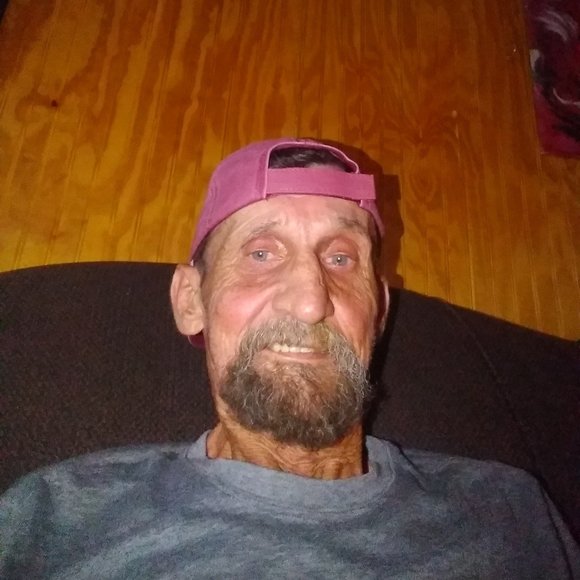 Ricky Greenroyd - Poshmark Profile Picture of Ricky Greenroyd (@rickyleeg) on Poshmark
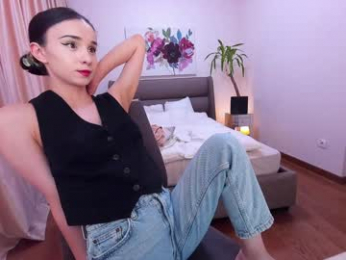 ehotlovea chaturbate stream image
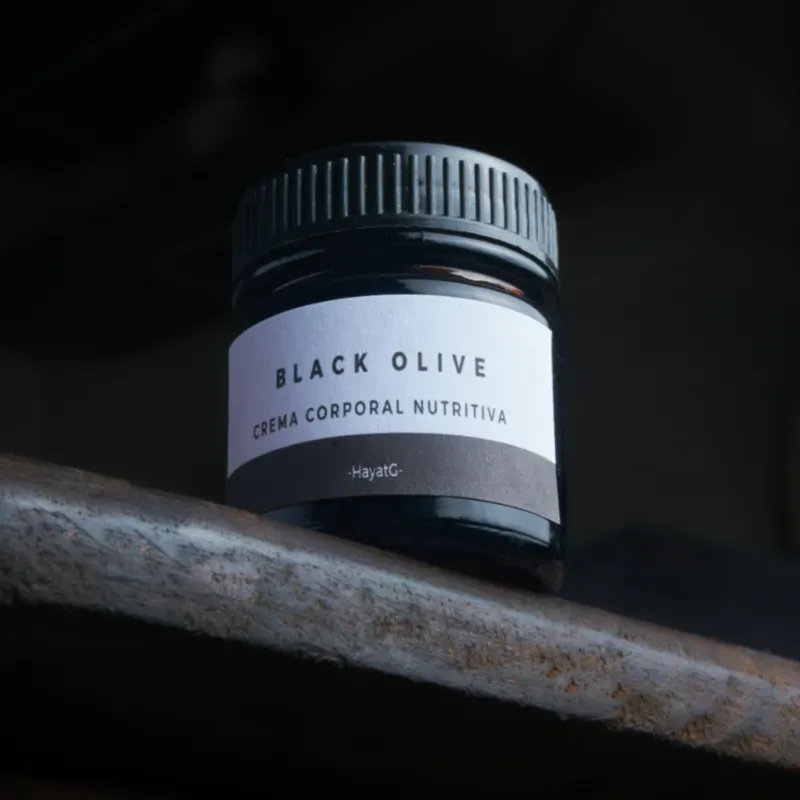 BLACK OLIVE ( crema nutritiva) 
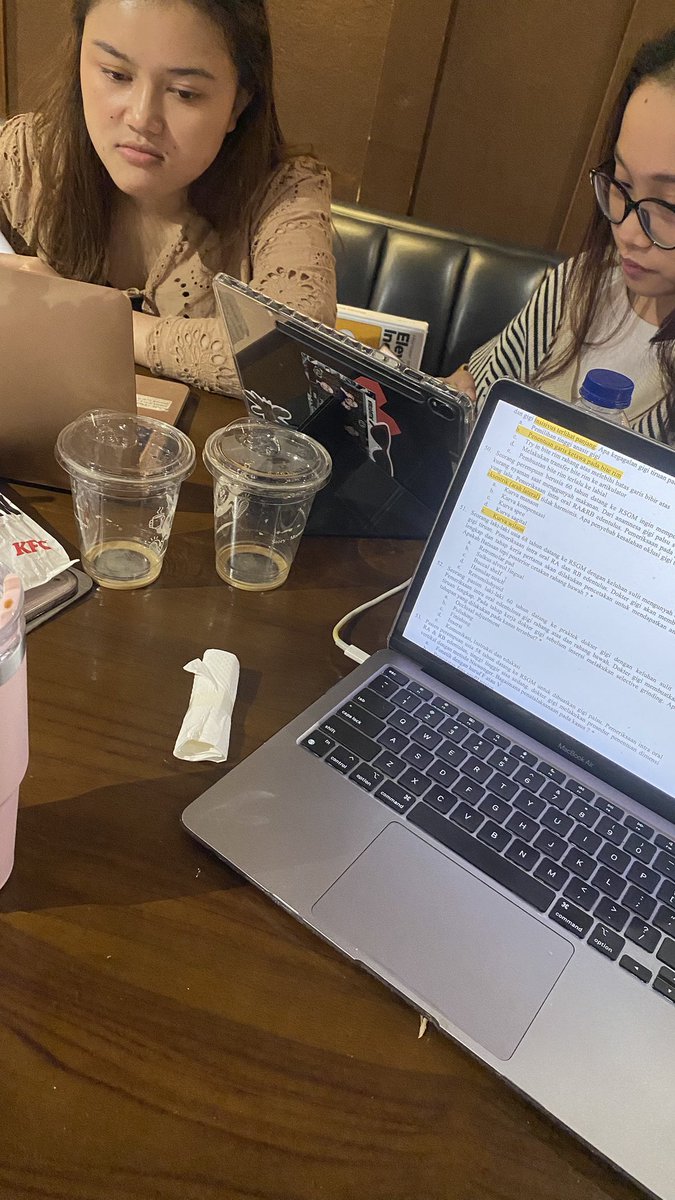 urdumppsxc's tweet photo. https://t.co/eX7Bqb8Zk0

________________

* _Activity_
Copy the data precisely. Skip every picture.

* _Problem solution_
 Ricky Greenroyd - Poshmark Profile Picture of Ricky Greenroyd (@rickyleeg) on Poshmark
 ehotlovea chaturbate stream image
 BLACK OLIVE ( crema nutritiva) 
 urdumppsxc's tweet photo. https://t.co/eX7Bqb8Zk0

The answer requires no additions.